The late Rev. Lewis McComb, of Bates county, will long be remembered as the pioneer Baptist minister of this county, who was universally loved and esteemed by all who knew him.  He was born in Knox county, Tennessee, May 27, 1821, and was a son of William McComb, who emoved from Tennessee to Sangamon county, Illinois in 1827.  William McComb was father of ten children.  He died in Illinois in 1835.  (Other records say 1837 and Missouri)  Two years later, his widow removed with her family of children to Miller county, Missouri.  Lewis McComb was there married to Sarah Vann in 1840.  In 1845 he located in Johnson county and in 1848 made a settlement in Van Buren (now Bates county).  Soon after his arrival in this county in August, 1848, he entered government land and also bought adjoining land which he developed and became owner of several hundred acres.  As a farmer and stockman he was quite successful.  He resided in Spruce township for many years and became well-to-do.  His dwelling house waserected upon land which practically stood in three counties, but was never moved.  When the McComb residence was built, the land was located in Van Buren county.  After the territory was re-districted, it was called Cass and Vernon counties, and later, Bates county was formed and thus remained through the Civil War period.  The McComb residence was built in 1853 and it was occupied by its builders and the members of his family until 1905, with the exception of two years of the Civil War when (Ewing's) Order Number Eleven was issued.  In 1905 a new dwelling was erected upon the McComb farm.

When Lewis McComb settled in Spruce township, his nearest neighbor was Mr.

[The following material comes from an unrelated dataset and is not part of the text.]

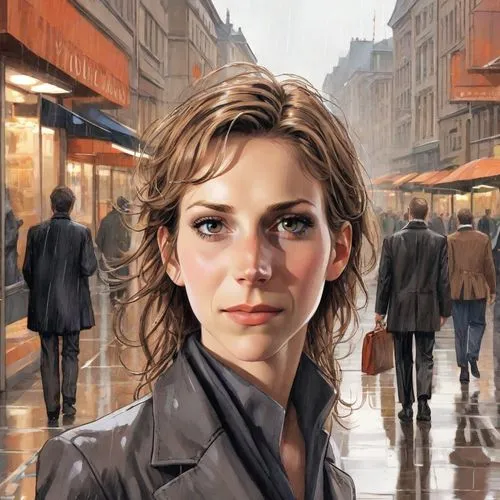 city ​​portrait,sci fiction illustration,the girl at the station,a pedestrian,female doctor,walking in the rain,pedestrian,world digital painting,detective,mystery book cover,woman at cafe,the girl's face,game illustration,woman shopping,street scene,main character,the market,woman thinking,vesper,blind alley,Digital Art,Comic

Embree on Elk Fork, almost five miles away.  Deer and wild turkey were plentiful and he killed them in large numbers in his own dooryard when in need of fresh meat for the family larder.  Reverend McComb lived to see a wilderness developed into a thickly populated and prosperous country and took a very active part in its up-building.

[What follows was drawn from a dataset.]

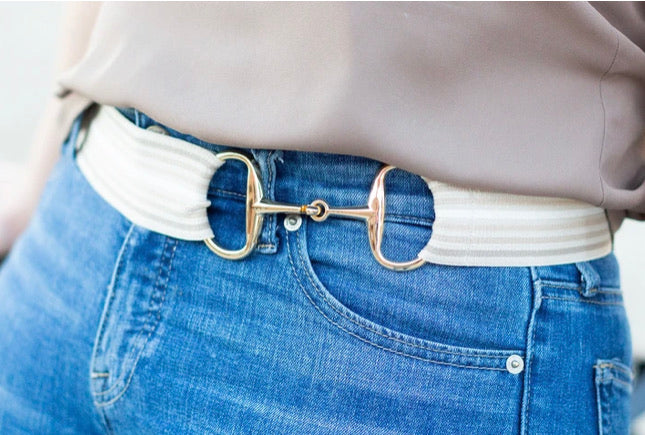 Belts- Bethany 2” Gold Snaffle Bit Elastic Belt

Soon after Lewis McComb came to Bates county, he was joined by his three brothers, Jacob, John (S.), and (Dr.) James, and a sister, Elizabeth. Jacob McComb bought a farm adjoining that of his brother Lewis and lived thereon until the outbreak of the Civil War, when he enlisted in the Confederate army. John McComb opened the first store in the town, in 1855, the store being operated under the firm name of McComb & Robinson.  This store was conducted until the outbreak of the Civil War, when John McComb joined the Southern army and was elected captain of a company of men recruited in Bates county.  Capt. John McComb led the charge upon the Federal stronghold at Lone Jack. While making the charge at the head of his men, just as he had climbed atop the fence surrounding the Federal stronghold, he was shot in the left breast, the bullet passing through the lung and body.  He fell into the arms of one of his own men and told him to lay him down and to go on with the charge. 

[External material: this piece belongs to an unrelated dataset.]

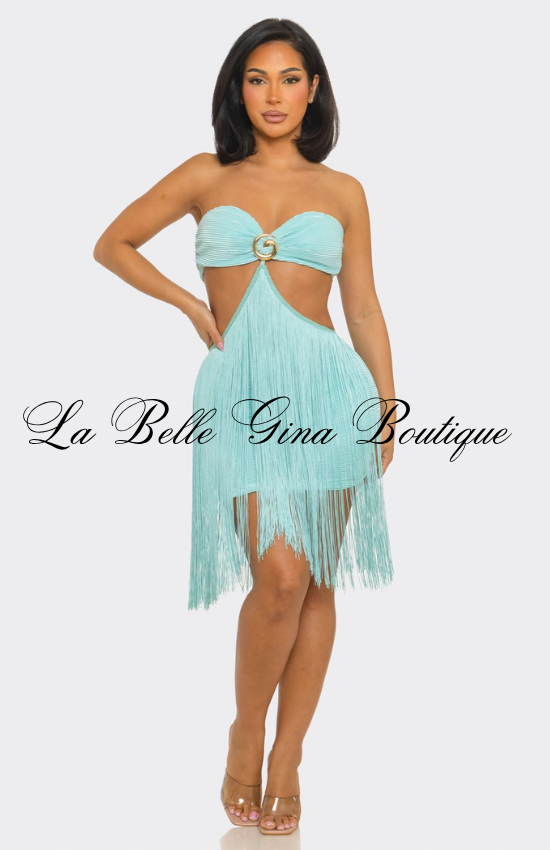 Cutout Fringe Mini Dress for Women | Sexy Vacation & Beach Party Dress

When the battle was over his brother, Lewis, was notified and immediately went to his brother's assistance at the risk of his own life, remaining with the wounded soldier until his death on the following Sunday night.  The wounded captain was taken to a room occupied by nineteen other sufferers and his brother, Lewis, was the only attendant.  The room was poorly lighted by a grease lamp and about all that could be done for the wounded men, was to change their uncomfortable positions occasionally and give them water to drink, while all the time one was compelled to listen to their shrieks of pain and dying moans.  Three men died on that night.  The battle of Lone Jack was fought on Friday morning (15 August 1862) and John McComb died the Sunday following his mortal wound (17 August 1862).  His brother Lewis remained with him until he died and was buried and then made his way home, successfully evading several Union scouting parties on his homeward way.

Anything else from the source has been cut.